Exploring Influences: Dungeons & Dragons

Let’s be real, here. I write fantasy. How could I not have D&D; on my list of influences?

Long regarded as a game for nerds, quite a few people overlook the fact that books set in the worlds created for D&D; often present fantastic stories and memorable characters. Dungeons and Dragons has been the proud parent of good books and the victim of terrible Hollywood ventures, but it’ll never stop being a staple of fantasy.

D&D; is a great starting point for introducing people to the stereotypes in fantasy. But really, it’s sort of funny how everything goes full circle. Many things that have become staples in  D&D; started with Tolkien and The Lord of the Rings. The difference resides in that D&D; takes the time to expand and elaborate on a number of ideas introduced to us in much older fiction, giving new aspects to old ideas that we, as fantasy writers, can continue to develop and grow on. Sadly, I wish this was something I’d realized a long time ago.
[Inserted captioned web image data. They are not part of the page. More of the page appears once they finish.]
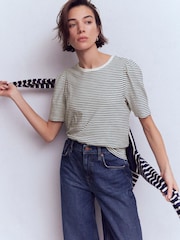 Boden Cream Pleat Sleeve Slub T-Shirt - Image 3 of 6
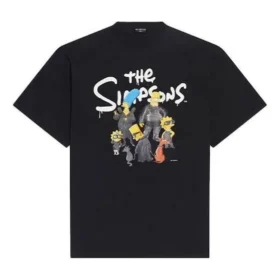 Camiseta de algodón oversize de Balenciaga x LOS SIMPSONS «Negro» 676589TLVG71000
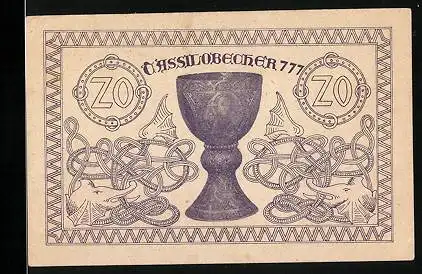 Notgeld Kremsmünster-Land 1920, 20 Heller, Tassilobecher, Stift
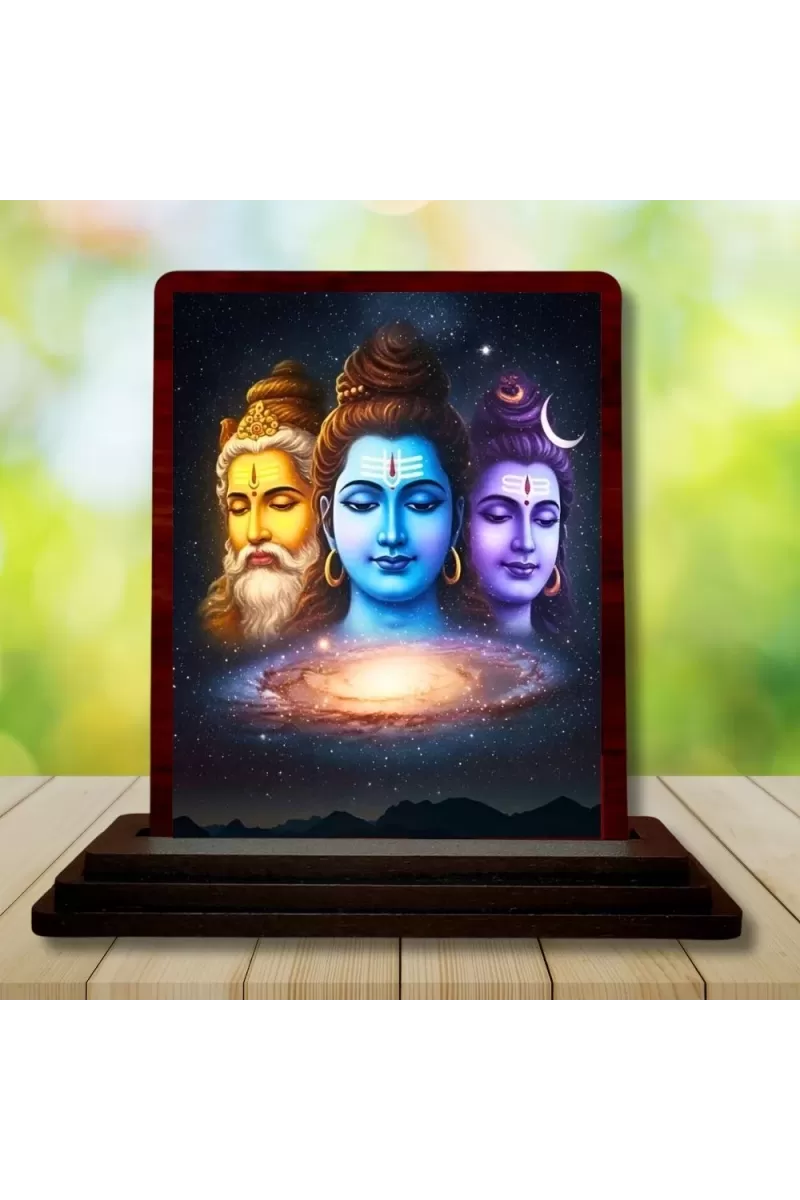 Car Desk/Table Top Bramha Vishnu Shiva Wooden Photo Stand  3x4 Inches, Compact & Stylish Spiritual Display For Car, Home & Office (Pack Of 1) (F14163)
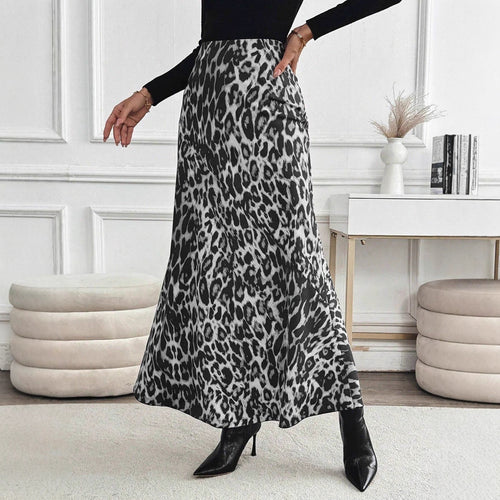 Damen Maxirock mit modischem Leopardenmuster Drune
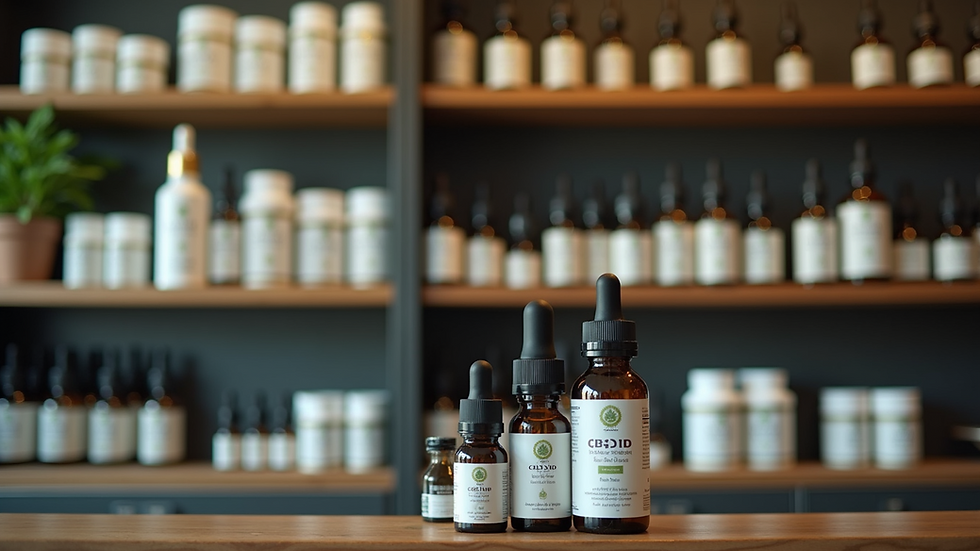 Close-up view of a dispensary shelf filled with various CBD products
Years and years ago, I was actually offered the chance to co-author a Forgotten Realms book. I fired a few email messages back and forth with a representative from Wizards of the Coast and the other author I’d be working with. But the more they told me about what they wanted, the less I felt like I could do it. They had a specific storyline in mind, they just wanted me to write the long form. A lot of character concepts had already been put together, and I didn’t feel like the opportunity was going to give me the creative liberty I hungered for in writing fiction.

I can’t really say I regret the choice to pass on the offer, it wasn’t right for me at the time. But there’s still a small part of me that wonders what things would be like if I’d realized then how much liberty the D&D; setting really offered me. But then I remember that the more time I spend writing in other people’s worlds, the less time I spend writing in my own, and I feel that I did make the right choice.